Mrs. Higgs served for four years in five different locations around the country, she got to experience and learn about the military from an outside perspective at times.

     “Teamwork is huge in the military, and everything is hands on training,” Mrs. Higgs said. “Attention to detail is immensely important when dealing with weapons. There were a ton of lessons I learned.”

     Both Mr. Fontana and Mrs. Higgs took what they learned from their experience serving back with them into the real world. 

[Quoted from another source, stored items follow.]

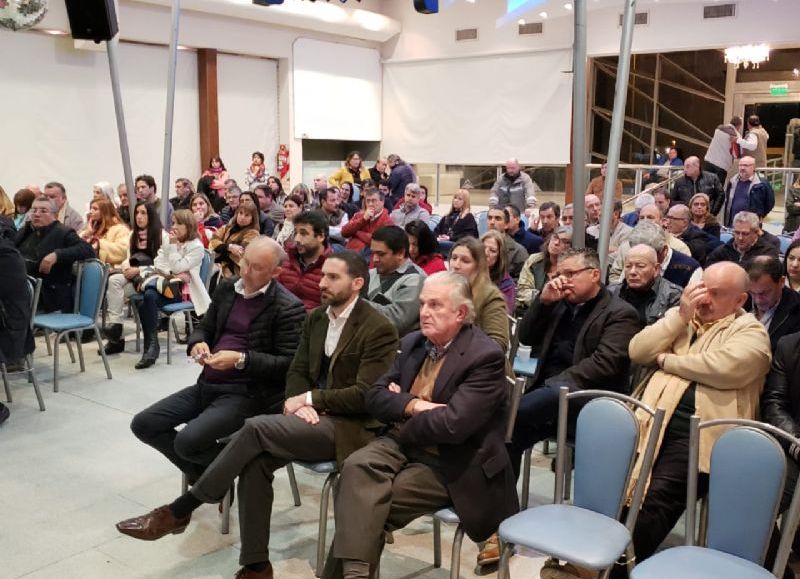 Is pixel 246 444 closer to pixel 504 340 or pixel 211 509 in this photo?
pixel 211 509

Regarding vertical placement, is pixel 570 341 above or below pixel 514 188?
below

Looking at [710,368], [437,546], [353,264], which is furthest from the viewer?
[353,264]

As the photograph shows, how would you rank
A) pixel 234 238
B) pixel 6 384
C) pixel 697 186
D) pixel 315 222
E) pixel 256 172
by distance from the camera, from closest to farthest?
1. pixel 315 222
2. pixel 6 384
3. pixel 234 238
4. pixel 697 186
5. pixel 256 172

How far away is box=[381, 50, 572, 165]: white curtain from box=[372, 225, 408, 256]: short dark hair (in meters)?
9.79

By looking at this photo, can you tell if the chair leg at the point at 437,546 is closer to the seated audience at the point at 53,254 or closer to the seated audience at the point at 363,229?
the seated audience at the point at 363,229

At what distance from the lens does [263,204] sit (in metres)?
8.30

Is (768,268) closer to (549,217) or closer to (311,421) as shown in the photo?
(311,421)

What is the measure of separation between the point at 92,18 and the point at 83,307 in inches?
91.8

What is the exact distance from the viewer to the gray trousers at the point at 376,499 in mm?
2531

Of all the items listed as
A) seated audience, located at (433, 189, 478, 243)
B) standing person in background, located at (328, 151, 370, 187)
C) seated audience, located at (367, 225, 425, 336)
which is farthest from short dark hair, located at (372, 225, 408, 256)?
standing person in background, located at (328, 151, 370, 187)

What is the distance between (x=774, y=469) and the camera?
228 cm

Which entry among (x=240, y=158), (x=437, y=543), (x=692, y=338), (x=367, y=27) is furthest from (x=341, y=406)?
(x=367, y=27)

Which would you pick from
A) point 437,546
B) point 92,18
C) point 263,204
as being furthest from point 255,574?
point 263,204

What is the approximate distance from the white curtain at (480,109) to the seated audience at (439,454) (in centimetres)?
1103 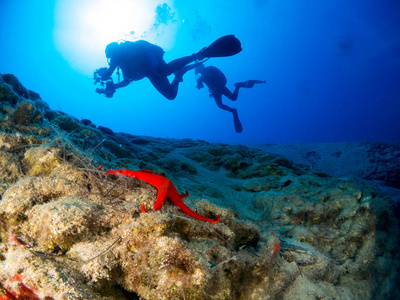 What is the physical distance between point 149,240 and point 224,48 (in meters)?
11.3

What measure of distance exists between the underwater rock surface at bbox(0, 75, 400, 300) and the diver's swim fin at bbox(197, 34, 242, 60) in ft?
30.7

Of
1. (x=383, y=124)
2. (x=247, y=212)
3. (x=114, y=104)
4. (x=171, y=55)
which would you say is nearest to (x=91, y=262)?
(x=247, y=212)

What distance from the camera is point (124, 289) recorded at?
4.23ft

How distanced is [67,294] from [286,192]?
3.68 m

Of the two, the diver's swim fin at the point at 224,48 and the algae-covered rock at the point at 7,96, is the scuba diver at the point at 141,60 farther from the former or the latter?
the algae-covered rock at the point at 7,96

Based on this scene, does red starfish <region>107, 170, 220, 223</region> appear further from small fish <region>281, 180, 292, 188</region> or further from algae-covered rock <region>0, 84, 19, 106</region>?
algae-covered rock <region>0, 84, 19, 106</region>

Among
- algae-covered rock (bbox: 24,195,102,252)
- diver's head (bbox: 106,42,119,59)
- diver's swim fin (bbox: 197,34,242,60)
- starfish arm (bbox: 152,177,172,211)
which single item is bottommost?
algae-covered rock (bbox: 24,195,102,252)

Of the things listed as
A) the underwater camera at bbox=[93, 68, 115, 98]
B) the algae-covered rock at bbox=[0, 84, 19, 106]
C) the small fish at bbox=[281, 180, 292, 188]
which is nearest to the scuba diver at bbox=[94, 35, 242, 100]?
the underwater camera at bbox=[93, 68, 115, 98]

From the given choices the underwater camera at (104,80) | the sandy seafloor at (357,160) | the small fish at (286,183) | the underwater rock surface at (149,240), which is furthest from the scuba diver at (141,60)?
the small fish at (286,183)

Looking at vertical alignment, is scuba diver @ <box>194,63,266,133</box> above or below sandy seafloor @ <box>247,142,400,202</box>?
above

     “The military teaches you that maturity and real world experience that you don’t get in high school or early college,” Fontana said. “It gave me a sense of why we have the freedoms we have today from a ground level. You understand growing up that people fought for that, but you get to see what the other side of that looks like.”  

     From Mrs. Higgs’ perspective, she could apply what she learned from the military into her classroom and make a difference on the students she was teaching. 

     “I want students to have that attention to detail and help their fellow classmates,” Higgs said. “The military has the same expectations, and you bring it into the classroom.” 

     Mrs. Higgs recognizes the changes the military is facing with these times, but encourages students to get involved if it is what they are called to do. 

     “The experiences that the military gives you, no matter what branch you serve in, is going to be a challenging enlistment,” Mrs. Higgs said. “You’re going to grow tremendously in a short amount of time mentally and physically.”